Book Tractatus Figurarum

    Book Details:
  • Author : Philip Evan Schreur
  • Publisher : U of Nebraska Press
  • Release : 1989-01-01
  • ISBN : 9780803242036
  • Pages : 148 pages

Download or read book Tractatus Figurarum written by Philip Evan Schreur and published by U of Nebraska Press. This book was released on 1989-01-01 with total page 148 pages. Available in PDF, EPUB and Kindle. Book excerpt: Notational complexity, or subtilitas, was engendered in the late fourteenth century by a thorough probing of all the rhythmic possibilities within the accepted mensurations. As French and Italian notational practices began to diverge at the beginning of the Ars nova, composers invented new rhythmic symbols?figurae?asøtheir innovations required, and this resulted in a variety of notations that were as confusing to the musician of the day as they are to the modern scholar. In the third quarter of the fourteenth century, a notational system combining elements of the French and Italian systems was put forth in the Tractatus figurarum. This system proposed a standard of set of figurae for simultaneous combinations of any two of the four prolations of the French mensural system. Edmond Coussemaker?s 1869 edition of the Tractatus figurarum, which attributes the treatise to Philippus de Caserta, was based on his knowledge of only four of the fourteen surviving manuscripts. A critical study of all the sources, including the important Newberry Library manuscript, leads to a corrected version of the text and allows the entire system to be resurrected.
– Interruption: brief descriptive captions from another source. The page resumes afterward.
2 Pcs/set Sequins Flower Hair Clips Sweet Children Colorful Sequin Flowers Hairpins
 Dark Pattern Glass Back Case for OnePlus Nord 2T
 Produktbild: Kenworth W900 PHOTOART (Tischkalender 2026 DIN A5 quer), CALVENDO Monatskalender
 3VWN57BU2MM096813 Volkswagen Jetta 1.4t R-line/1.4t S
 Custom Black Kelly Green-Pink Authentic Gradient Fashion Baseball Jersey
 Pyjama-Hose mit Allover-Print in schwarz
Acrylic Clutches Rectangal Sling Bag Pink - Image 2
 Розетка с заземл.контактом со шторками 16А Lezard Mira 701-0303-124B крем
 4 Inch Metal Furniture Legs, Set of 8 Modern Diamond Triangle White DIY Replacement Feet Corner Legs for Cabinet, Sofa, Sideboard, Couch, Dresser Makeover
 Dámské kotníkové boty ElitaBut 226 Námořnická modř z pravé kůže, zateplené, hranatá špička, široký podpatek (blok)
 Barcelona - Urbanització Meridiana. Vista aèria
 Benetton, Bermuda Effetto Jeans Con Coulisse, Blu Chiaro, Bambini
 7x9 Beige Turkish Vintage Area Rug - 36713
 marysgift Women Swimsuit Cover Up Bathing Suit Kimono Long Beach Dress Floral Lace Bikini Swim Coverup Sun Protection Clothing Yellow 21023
The critical edition is joined with fully annotated translation on facing pages. An Introduction discusses the authorship and theory of the treatise, as well as placing it within the context of the music theory of the fourteenth century. Full descriptions of all the manuscript sources and four full-color plates of the Newberry Library manuscript are included. The system of the Tractatus figurarum was beautifully creative, but it did not meet with success. Nevertheless, the treatise proves itself invaluable to the study of the Ars subtilior in revealing certain basic notational principles that may be applied to surviving musical compositions, illuminating the notational subtleties in which the music delighted.